“And something is happening, but you don’t know what it is, do you Mr. Jones?” ^ – Bob Dylan, “The Ballad of a Thin Man”
After more than thirty years, it’s hard to recall just how much terror the Black Panthers evoked in the hearts of whites. The images of gun-toting African-American revolutionaries going head to head with cops certainly created alarm in my family. Were we afraid of having our bourgeois privileges taken away? Was it irrational fear? Were they gun-toting terrorists or simply one of several communal, anti-capitalist, anti-racist movements? Or was the left-wing politics just window dressing for a massive, radical chic-fueled con?
Well, you won’t find answers to many of these questions in the television adaptation of Roger Guenveur Smith’s one-man show, “A Huey P.Newton Story” directed by Spike Lee – but you will get a memorable depiction of a man every bit as tricky and complex as the movement he co-founded. As portrayed by Smith, Huey Newton is initially shy and painfully soft-spoken. But as he warms up, the words emerge in a rapid fire, polyrhythmic stream of consciousness. Newton seems unable to rise from his chair, but he’s like a hyperactive child and can barely remain seated.
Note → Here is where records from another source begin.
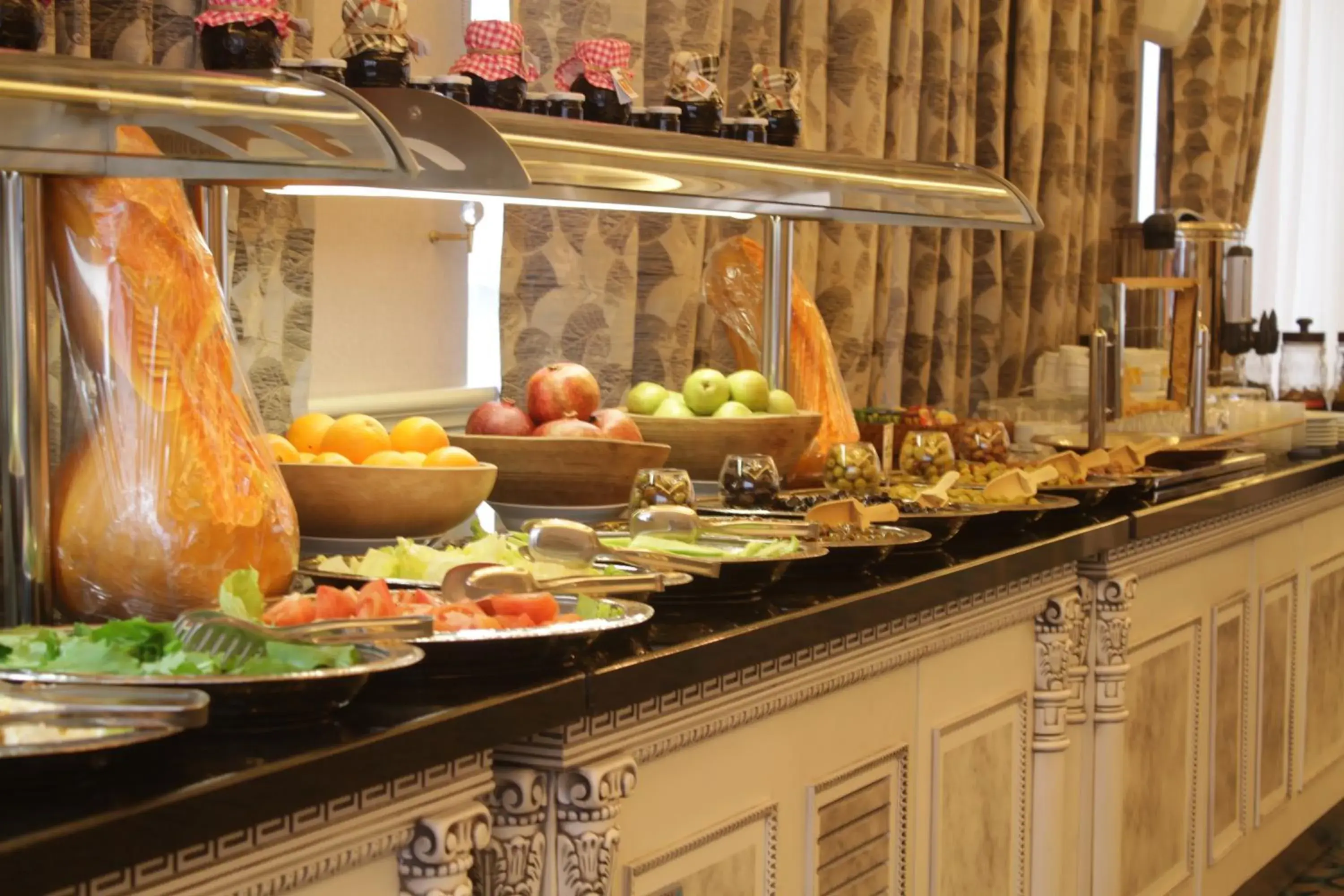 Restaurant/places to eat, Food in Demir Hotel
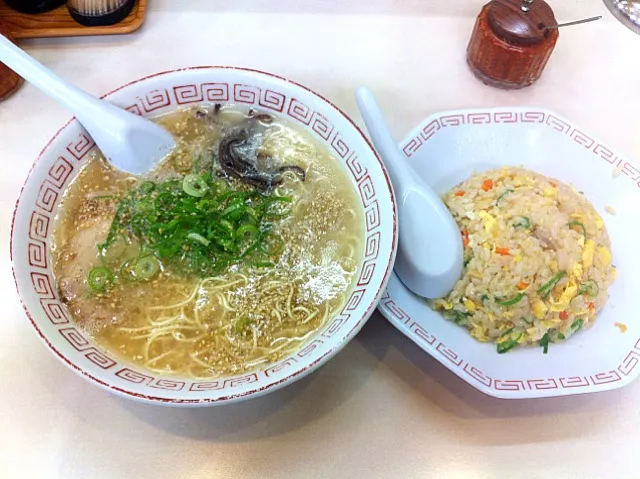 Snapdishの料理写真:とんこつラーメンやきめしセット|Yas Nakさん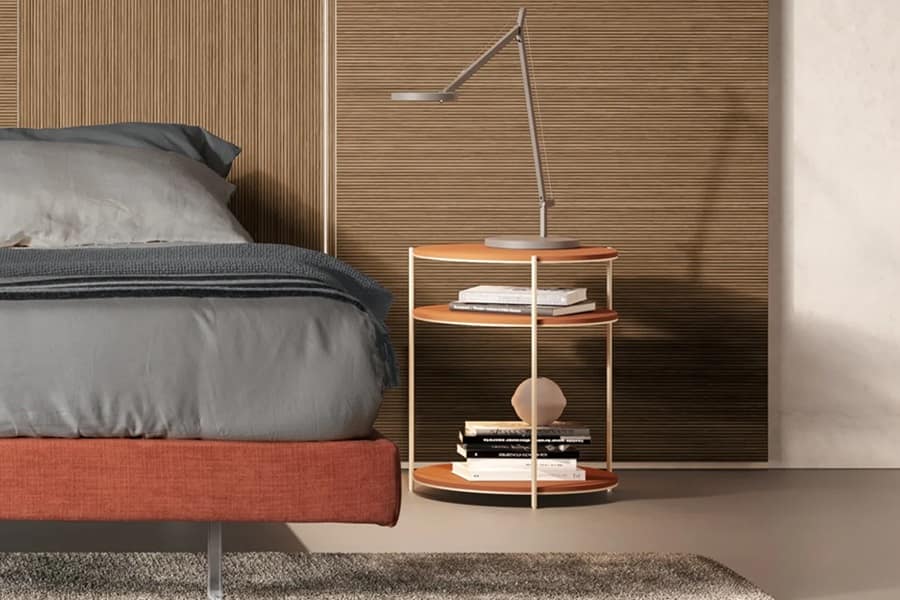 Comodino rotondo Adok Polar con 3 ripiani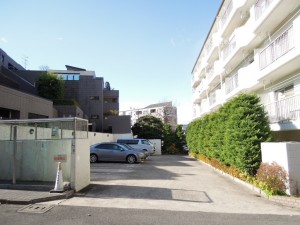 世田谷区砧4丁目2DK賃貸マンション・敷地内駐車場 世田谷区砧4丁目22DK賃貸マンション・敷地内駐車場
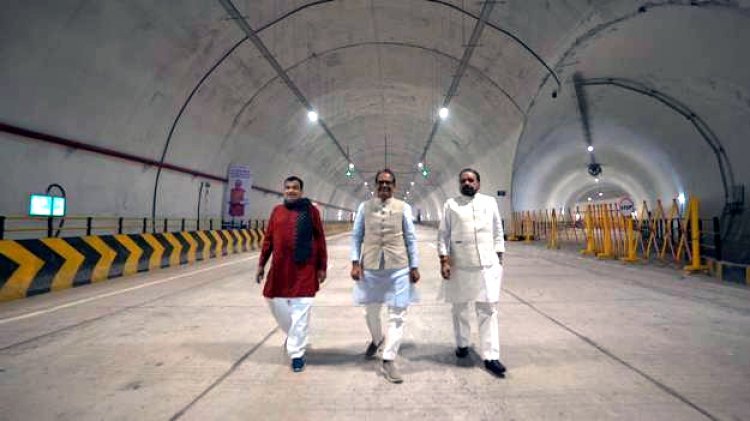 केंद्रीय मंत्री नितिन गडकरी ने रीवा में 7 राष्ट्रीय राजमार्ग परियोजनाओं व MP की पहली 2.28 किमी लंबी 6 लेन दोहरी सुरंग का उद्घाटन किया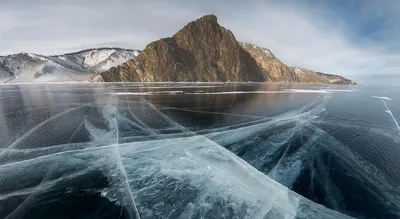 Лед тронулся: на поверхности Байкала образовалась многокилометровая трещина  :: Новости :: ТВ Центр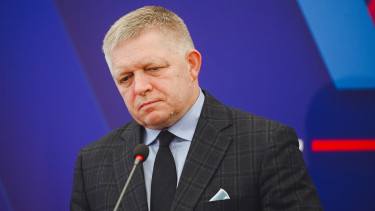 Kitört a botrány a meztelen Trump-szobor miatt: Robert Fico azonnali lépést követel az Európai Parlamenttől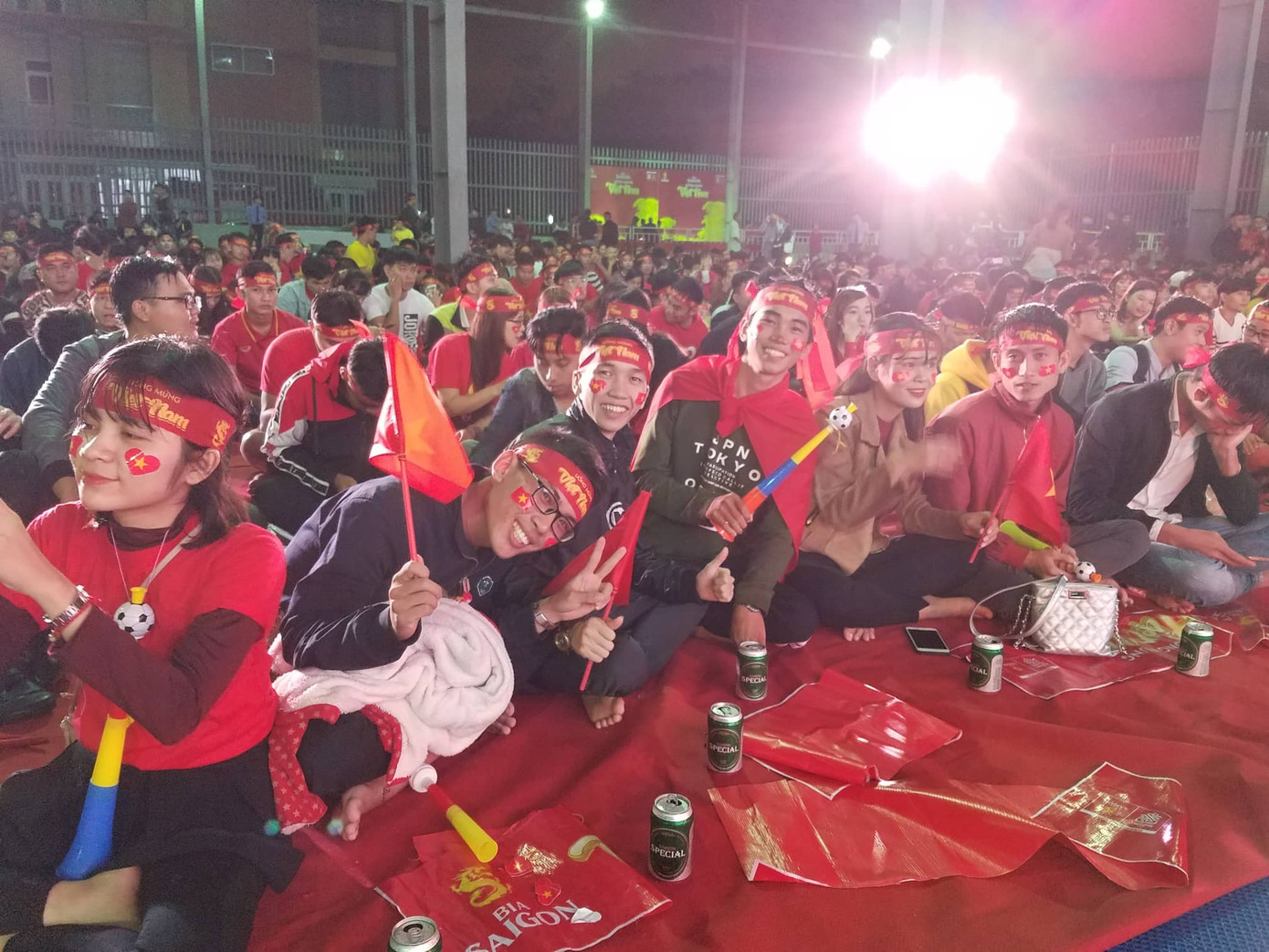 Cổ động viên vỡ òa sau bàn mở tỷ số của Anh Đức ảnh 8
Confident in his intelligence and with a talent for poetry, he’s prone to hyperbole and out and out BS, overusing and misusing terms like “existentialism,” trying to impress, flatter or frighten his audience into loving him, then lapsing into strange, funny digressions on race, politics, philosophy, Shakespeare, mythology and – most of all – music. (He eloquently eulogizes Billie Holiday. He praises Motown diva Martha Reeves, but asks: Just what is a Vandella?) He’s witty and smart, often a bit creepy, and clearly troubled. He’s somewhere between the smartest underachiever you’ve ever met and that guy talking to himself on the street corner. Clearly he’s got some mental health issues and probably a drug problem, but that’s hardly the sum of this human Rubik’s cube.
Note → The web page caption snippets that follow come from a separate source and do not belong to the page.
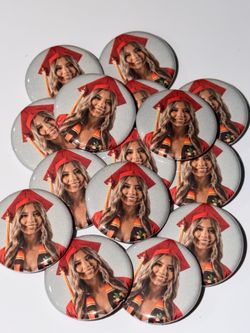 Graduation buttons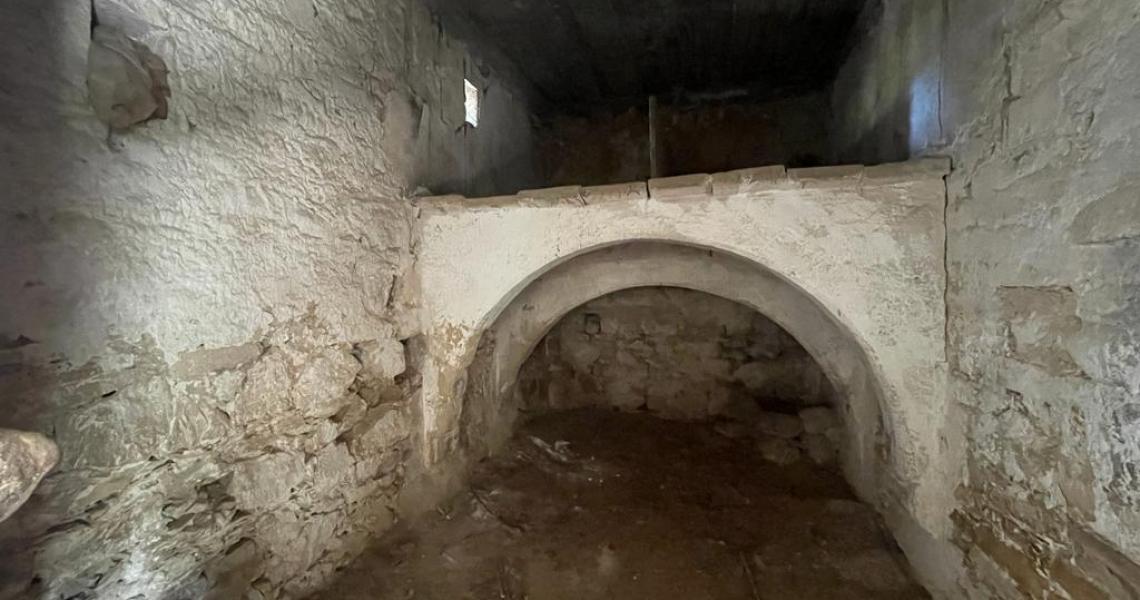 The stone house ready for the process of renovation — photo 10 of 12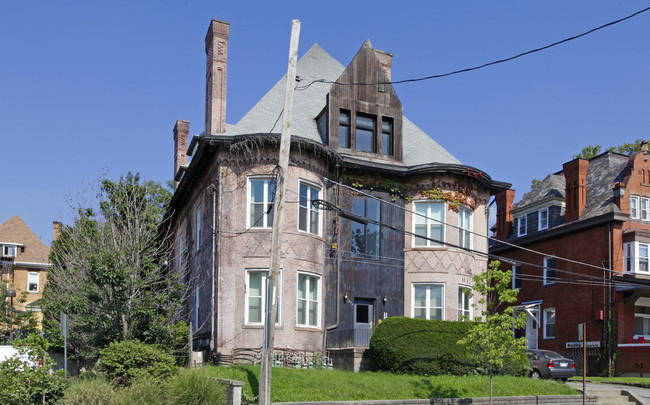 374 S Negley Ave in Pittsburgh, PA - Building Photo - Building Photo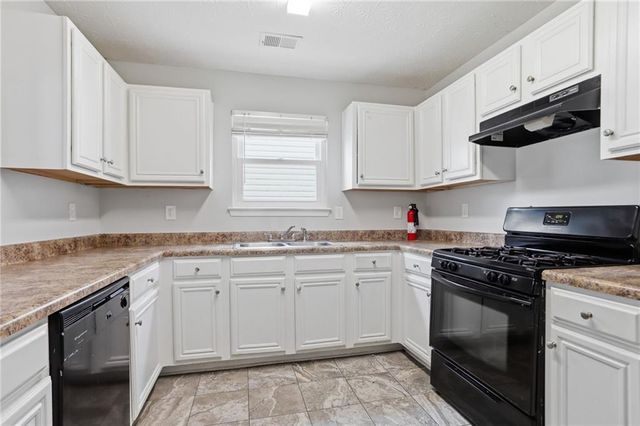 2879 Two Lake Circle, Atlanta, GA 30349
Onscreen, “A Huey P. Newton Story” is memorable, but it must have been something to see on stage. Roger Guenver Smith gives a striking, extremely physical, performance involving the heaviest, most intense cigarette smoking I’ve ever seen. (It’s a great job, but you’ve got to wonder how many years of his life Smith is sacrificing.)
Regardless, Spike Lee uses whatever tools he can to make this more than a simple transcription of a stage play, including bluescreen effects and documentary footage. The prison-like set further emphasizes the extreme isolation of Huey Newton, who spent years in solitary confinement. On the other hand, Lee’s predilection for extreme close-ups that cut off parts of his subject’s face and body only serves only to distance us from this unfathomable character.
But nothing can blunt the impact when Smith/Newton finally jumps up from his chair and performs a strange, non-dance to Bob Dylan’s “Ballad of a Thin Man.” Something really is happening, even if we don’t know what it is.